We now have our Own Private World of Warcraft Server. Absoltely Free to play on! No monthly dues, since it's our private server. You Will need Game Version 3.1.3, There is minor tweaking needed to be done to a system file so that it automatically connects to our server, Which is very simple to do, and video will hopefully soon be on youtube for a walkthrough. Anyone interested in joining up to play with us, reply here. 

Users will need to sign up at: trailerdave.dyndns.tv

BTW, it will always say offline on the website, but it is to divert others 

Once you sign up there, reply with your username on this board, as we monitor user signups and delete which ones we think are bogus.


----------



## Guest (Jul 28, 2009)

AWESOME Osiris! am ur biggest fan!


----------



## Guest (Jul 28, 2009)

uhhhhh where can i download 3.1.3 from?

i got 3.0.1 installing on my system is there a patch or something i need?

Username created is Zakk.


----------



## Osiris (Jan 18, 2005)

Ok, Here's whats next:

ou want to locate the World of Warcraft folder on your computer, probably under, My Computer, C Drive, Programs, and then prolly is in there. 

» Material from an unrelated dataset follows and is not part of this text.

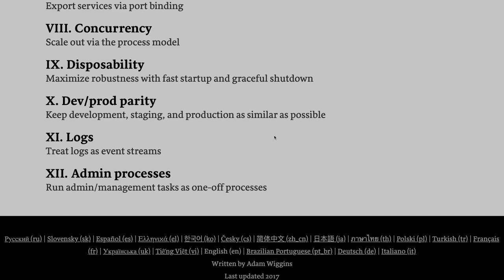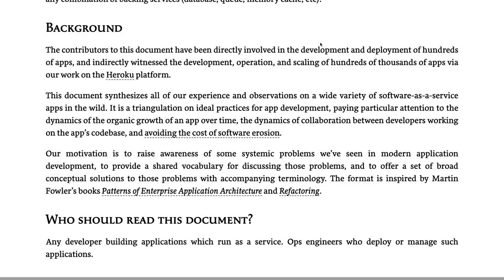Dev/prod parity: keep development, staging, production, and testing environments as similar as possible, while keeping their configurations totally separate. Logs: treat logs as an event stream, because logs tell you a lot about your process. You might be using the ELK stack, writing to Elasticsearch, or using Node.js rolling log libraries — there are many ways to capture the log stream coming from your Node.js process.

Once you have it, you open it up the WOW folder, Click on the DATA folder, then EnUS Folder, in there you will see a file called Realmlist.************, you want to right click on that and open it up in NOTEPAD. 

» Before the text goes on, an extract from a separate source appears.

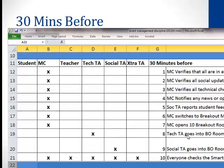At 30 minutes before, the MC verifies that all TAs are ready and checked in. They verify that all social updates have been added to the spreadsheet and that all technical checklists have been completed. They also notify everybody on the team of any news about what's coming up.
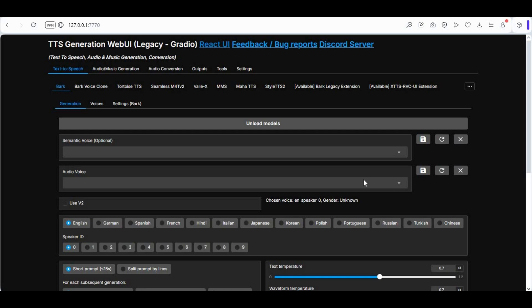Introducing TTS Generation WebUI — all text-to-speech, audio generating, music generating, and voice cloning tools in one WebUI.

The site is blocking with ******* , they stand for w-t-f the last three letters of the file

A Line will show up of text, you want to edit that line. Should say:

Set realmlist trailerdave.dyndns.tv

Save it then close it. 

The file to launch world of warcraft, you DO NOT want to use the WOW Launcher, this will connect to blizzard and update your files and this won't work, thats what im afraid might already be done, in that case you'd have to redownload it for free from their site.

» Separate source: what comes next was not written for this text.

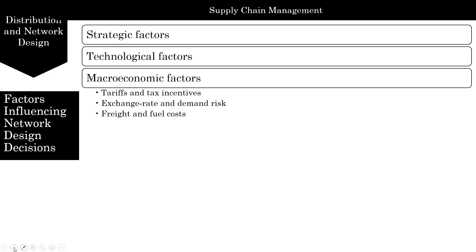There is also exchange rate and demand risk. Fluctuations in exchange rates are common and have significant impact on the profit of any supply chain serving global markets. For example, the dollar fluctuated between a high of 124 yen in 2007 to a low of 81 yen in 2010. A firm that sells products in the United States with production in Japan is exposed to the risk of an appreciating yen — costs are incurred in yen but revenues are received in dollars, so an increase in the yen's value increases production costs and decreases profits.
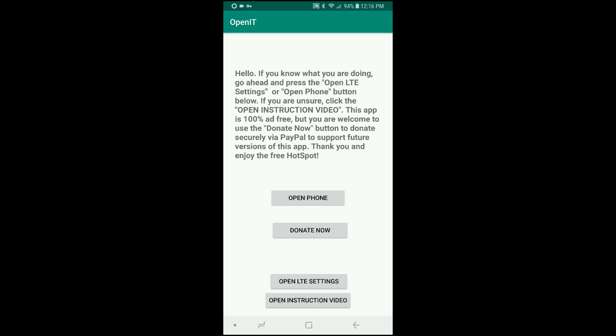So I'm going to show you guys today how to unlock the hotspot using this app that I make completely 100% free and ad-free, and you can see that.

You want to click on WOW, just a file called WOW in the World of Warcraft folder, it will start the game and you should be able to login to the server. This is real simple, you can create a shortcut to your desktop as well so don't have to keep going through the folders.


----------



## Albino_101 (Aug 14, 2008)

my username is dragonis111 i signed up pm me or reply here when my character will work, osiris make sure to read the pm i sent you too.

PS I really would like to be a gm(gm3 with all the gm commands), I'm good at helping out people in WOW because I'm a veteran player on both retail and private servers, and I'm really nice. BTW is your server bugged at all, the ones i have played some of the quests and certain items dont work.

2nd edit: osiris on your server I logged on but my account is set to the original game not to lich king, when I logged on I went through the lichking login screen, and i couldnt make a bloodelf or draenei or death knight.


----------



## FishontheBrain (Aug 7, 2009)

my username is maximuz


----------



## FishontheBrain (Aug 7, 2009)

hey,what is the option for wotlk? it had like 3 foods and i picked doritos, does that effect nething at all? And also if you could do it please change my account to wotlk and bc if you cant


----------



## FishontheBrain (Aug 7, 2009)

also can it be converted to a high rate or funserver, im lazy and i find it easier to get into the social aspect that way also


----------



## redpaulhus (Jan 18, 2005)

I created an account but haven't had a chance to connect via WoW yet.
Thanks !

account name is redpaulhus


----------



## bmlbytes (Aug 1, 2009)

First of all, why does a fish website need a WoW server lol

Secondly I would join, but I play the real WoW also, and you need to be at version 3.2 for that.


----------